# WHAT YOU ARE ASKED TO DO
Only the lines of the listing below that run from the line with "PUMA Allwetterstiefel Warmfutter" through the line with "Ray - Ban RB3447" are to be set down, word for word. Pictures stay out.

# EXERCISE DATA
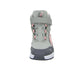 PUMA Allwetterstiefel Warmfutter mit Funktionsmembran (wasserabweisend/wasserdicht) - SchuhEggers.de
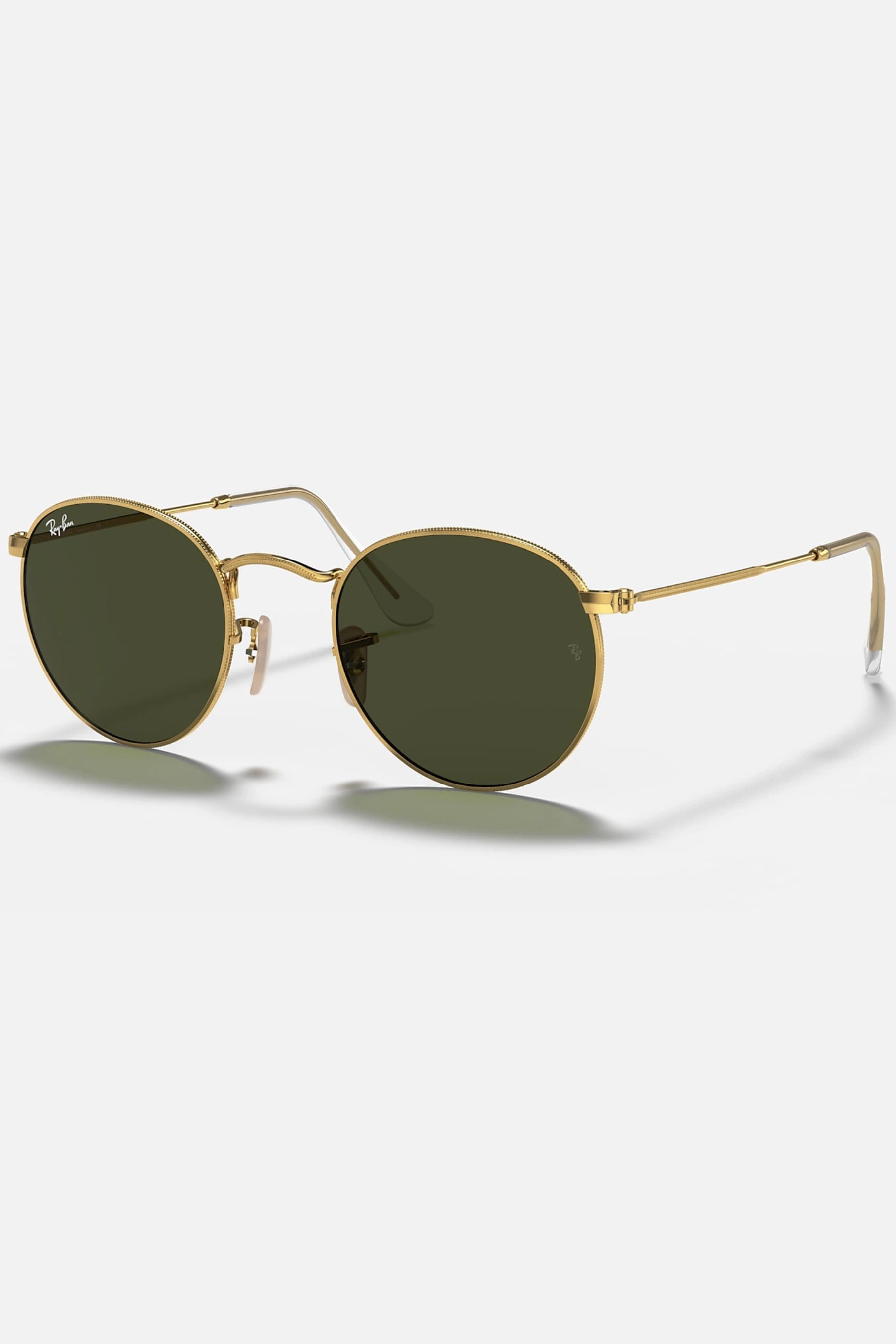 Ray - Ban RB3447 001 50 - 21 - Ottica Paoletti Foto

--

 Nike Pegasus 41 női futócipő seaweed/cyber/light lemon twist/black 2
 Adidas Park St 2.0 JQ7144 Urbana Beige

# RESULT OF THIS TASK
 PUMA Allwetterstiefel Warmfutter mit Funktionsmembran (wasserabweisend/wasserdicht) - SchuhEggers.de
 Ray - Ban RB3447 001 50 - 21 - Ottica Paoletti Foto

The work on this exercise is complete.